Table 2. Dates for SDSS Data Release
Release date Photometry Spectroscopy Early release 1-July-2001 5% 0% Release 1 1-Jan-2003 15% 7% Release 2 1-Jan-2004 47% 33% Release 3 1-Oct-2004 68% 60% Release 4 1-July-2005 88% 85% Final 1-July-2006 100% 100% Figure 2. Milestones and data fractions for the new SDSS Data Distribution Plan.
The early data release will contain nearly 400 square degrees of area on the equator, in both the Northern and Southern skies. There will also be a small selected area of about 5 square degrees in the Northern Galactic Cap, which we observed in Spring 2000, to support the First Look Survey (FLS) of the SIRTF program. It will also contain the early spectra that were obtained from the same areas of the sky. We propose to use two processes to make the data available to the astronomy community: open access and controlled access In the former case we will put all of the products, except the Atlas Images, the Science Data Base (SX), and the Corrected Frames, on the SDSS website. The latter (controlled access) will contain SX and the Atlas Images, as shown on Figure 3. These are exactly the same services as the ones provided for the SDSS Collaboration. We feel that the step from supporting the approximately 200 users in the Collaboration to supporting the whole astronomy community of several thousand is a rather major one, thus we need to proceed carefully – many of the Fermilab resources are shared with the entire experimental program at Fermilab.
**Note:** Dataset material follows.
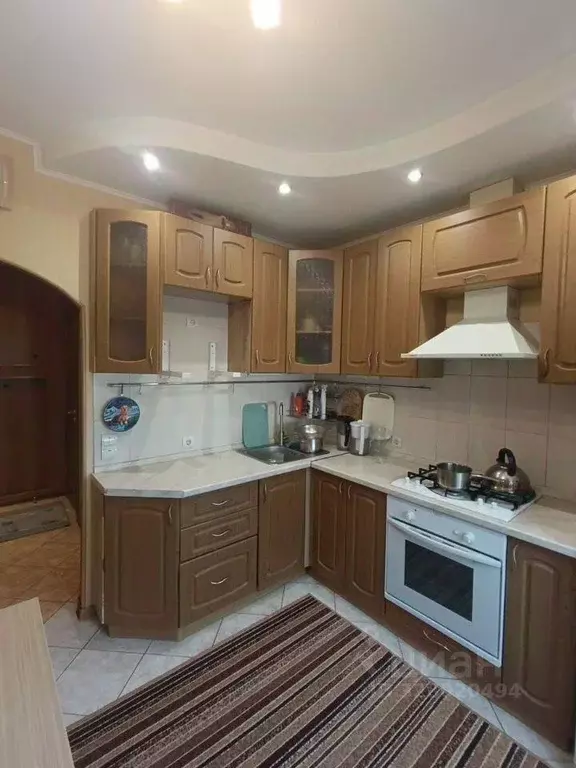 Квартира, 2 комнаты, 53 м - Фото 2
Open Access will consist of a web-based interface, containing a database of gif images of the data, with a clickable access to the catalog information, and a simple search engine to the full photometric catalog. This will serve as a finding chart (hereafter: chart). At the same time we will also provide on-line ftp access to the Compact Photometric Catalog and Calibration information, and to Status Information via the SDSS web site. These services will be built in collaboration with Jim Gray (Microsoft), and the necessary hardware will be provided by a grant from Microsoft Research. The ftp site will also contain the corrected frames for all the internal files for the 5 square degree FLS area of the sky, with the documentation required to use the system.
Controlled Access will provide the same data products as will be found on the web-based interface. In addition, it will provide access to the high-performance search engine (SDSS Science Archive – SX) built for the survey. This will enable much larger and more sophisticated queries. We propose to create an atlas image server that will be accessible to the astronomy community. It will not only supply the individual atlas images, but it will be able to reconstruct a corrected frame in FITS format from the atlas images.
Each user will be requested to apply for an account to use the Fermilab Computing Resources, just as all members of the Collaboration have done. If we find that the resources are easily managed within the available personnel and funds, we will make SX accessible through our website. The funds to implement the SX and create the Atlas Image Server (not yet implemented) for the astronomy community were requested in the August 2000 proposal to the NSF.
Figure 3 shows the services the SDSS public data distribution system will provide. The Open Access components are the Finding Chart, the FTP Server and the WWW server. The Controlled Access side will provide access to the Science Archive (SX) and later to the Atlas Image Server. As we understand the usage patterns better, we may consider moving the Atlas Image service to the Open Access side. The facilities for these early services should be considered as a beta test of our ultimate Data Distribution System. These will be continued until the final Data Distribution System is in place.